CHARLESTON, W.Va. — The state’s Higher Education Policy Commission is now actively looking for its next leader. Longtime Chancellor Dr. Paul Hill announced two years ago he would retire in 2018 and is now ready to take that step. Hill tells MetroNews he’ll serve until his successor is on board.


HEPC Chancellor Dr. Paul Hill

“It will probably be later this calendar year,” said Hill. “The chairman is working on a search committee to get the process underway and once that process is complete, I’ll step aside when my successor is named.”

Hill has guided the state’s higher education community through some tumultuous times. The system endured five straight years of funding cuts from the state and was forced to increase tuition on students. Since the Great Recession of 2008, the number of students option to move on to a college education dropped dramatically. Hill believes in the last two years they have seen a turnaround in that area.

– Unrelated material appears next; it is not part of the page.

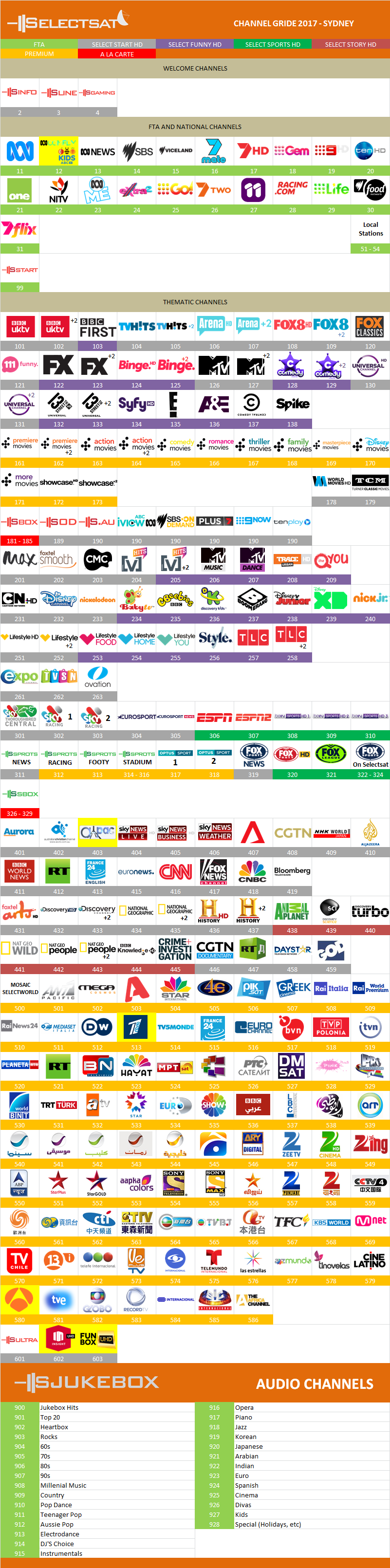 5ae757c51debb_grillaselectcablemayo2018.thumb.png.2619acec47b12af2be587c4880f357a7.png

“We’re seeing a slight up-tick in the college going rate in West Virginia,” he said. “That tells me our message is getting out there and students are realizing the jobs of the future and jobs of today require e college degree and we’re seeing more students coming back into higher ed.”

Although that is an improvement, Hill said it will be up to his predecessor to continue to push for increased funding. 2018 was the first year in some time the commission hasn’t been strapped by the state, he hopes the trend will continue for whomever gets the job.

“Everyone realizes we need an educated workforce to build the state’s economy. The two go hand in hand,” he explained. “If we have the opportunity to put more money back into higher education, then indeed we’re going to see greater opportunities for our students down the road.”

As for Hill’s plans, he hopes to use his background in science for some good going forward. He’ll be involved in grant applications and fundraising efforts for science research activities involving the state’s higher education institutions.

“I think we have a lot of really bright scientists and students coming along,” he explained. “Given a little bit of support to buy equipment and get some things they need in their labs, I think we can see some even greater things emerge here in the state.”